For the road, they envision The Attention Powered Car, which you can see in the next video:

The high-tech automobile has a built-in neurofeedback driver attention system which monitors the driver’s brain activity and feeds the info into an algorithm that determines whether you’re paying attention or not. (Source)

If inattentive drivers don’t get the attention of the fearful, what about car jacking and drunk driving? The latter being an incredibly hot button topic that already has swayed the public into permitting unconstitutional checkpoints. Not too difficult, then, to make the leap that an entire biometric security vehicle would be the solution, as described here:

An engineer in Japan has developed an always-on biometric security system for your car. If the system detects that you’re no longer “driving normally,” be it via carjacking, falling asleep, or intoxication, the engine cuts out. This system uses an EEG — a brainwave scanner — to transparently and continuously authenticate your ability to operate the vehicle. 

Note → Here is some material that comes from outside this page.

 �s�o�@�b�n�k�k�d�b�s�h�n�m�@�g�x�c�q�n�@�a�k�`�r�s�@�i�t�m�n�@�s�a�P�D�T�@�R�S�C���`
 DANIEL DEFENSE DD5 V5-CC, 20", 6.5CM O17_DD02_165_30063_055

In almost every case, security systems are based on one-time authentication methods: Once you’ve logged in once, you’re logged in until you log out. This makes a lot of sense for some activities, such as using your keycard to enter a restricted area, but in many other cases this actually introduces some significant security holes. For example, if you walk away from a logged in PC, anyone else could sit down and access your data. Likewise, anything that is continuously operated — like a car or a machine — should ideally have continuous authentication, in case you walk away, get carjacked, or collapse from a heart attack. (Source)

No explanation is given for what happens to the rest of the road traffic when your engine cuts out.

The latest example is the car that can evaluate your emotions.

Again, there is a security risk that needs to be attenuated: road rage. A tiny, embedded dashboard camera and sensor does the trick.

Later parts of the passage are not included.